4. "Shekels" (Exod. xxx. 13) treats of the half shekel, which every Jew, rich or poor, was obliged to pay every year to the daily sacrifice.

5. "Day of Atonement" treats of the solemnities peculiar to it.

6. "Tabernacles" teaches how they are to be built, and how to be used.

7. "The Egg Laid on a Festival" treats of the works which may or may not be done on any of the festivals, which are called days of holy convocation, on which no servile work may be done.

8. "New Year" treats of the laws and solemnities of the feast of the New Year, as also of the feasts of the New Moons.

9. "Fasts" treats of the various fasts throughout the year.

10. "The Roll" treats of the feast of Purim, and gives instructions how and in what manner the Book of Esther and other Lessons are to be read. The Gemara directs Jews to get so drunk on this feast, that they cannot discern the difference between "Blessed be Mordecai and cursed be Haman," and "Cursed be Mordecai and blessed be Haman."
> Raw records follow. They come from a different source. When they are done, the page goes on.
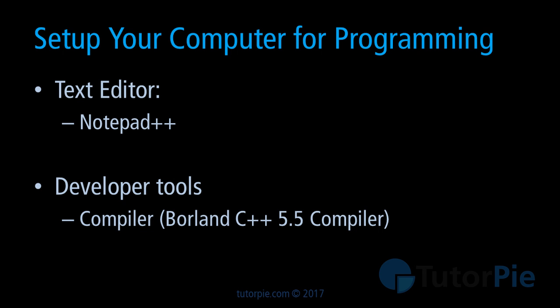As a programmer you need a text editor, an application that we use to write the code, and also you need developer tools. In this case the developer tools are compilers.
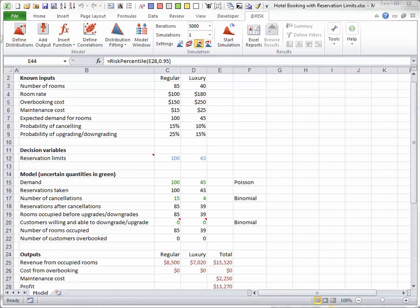In the current model, a hotel has two types of rooms, 85 regular rooms and 40 luxury rooms. And the model concerns reservations for these rooms on a typical night.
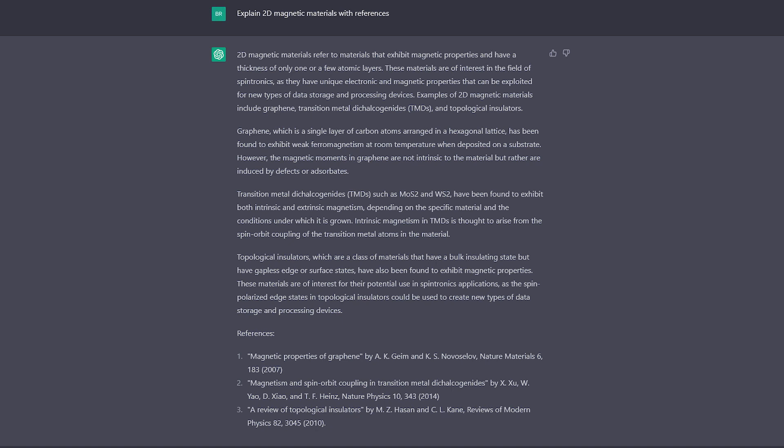Here is an example where I asked it to describe two-dimensional magnetic materials with some references. Most of what it writes is correct, but some of the information is incorrect or misleading and fails to represent the field well. Likewise, some of the references are not correct — they seem to be mashing multiple papers together to fit the narrative. If people were to use this to perform a literature review or to help write texts, there is a chance of getting things incorrect. Furthermore, if there is already false information out there, these AI tools may just replicate these falsehoods, which is certainly not something we want in scientific communication.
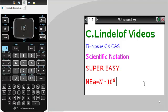Okay, C. Lindelof videos, TI Inspire CX CAS, scientific notation, super easy.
11. "Minor Feasts" treats of the works that may and that may not be lawfully done on the 2d, 3d, 4th, 5th, and 6th days, when the first and seventh are holy; these intermediate days being lesser festivals.

12. "Sacrifices on Festivals" treats of the three great festivals, when all the males were obliged to appear before the Lord, and of the sacrifices which they were to bring. It also lays down rules for the dissolution of vows, which it says "are like mountains hanging on a hair, for the text is slender and the constitutions many."

Book III

On Women:

1. "Brother's Widow" (Deut. xxv. 5-11) treats of the law obliging a brother to marry the relict of his deceased brother; also, when the obligation is to take place, and the ceremonies to be used at its performance.

2. "Marriage Settlements" treats of dowries and women who happen to obtain estates, either real or personal. From this tract the baptism of infant proselytes can be proved.

3. "Vows" (Num. xxx. 4-16) shows when vows are binding and when null and void. When a married woman makes a vow the husband can confirm or annul it. This tract points out what vows fall under his cognizance and what do not.

4. "The Nazarite" (Num. vi. 21) treats of the laws relating to the different sorts of Nazarites.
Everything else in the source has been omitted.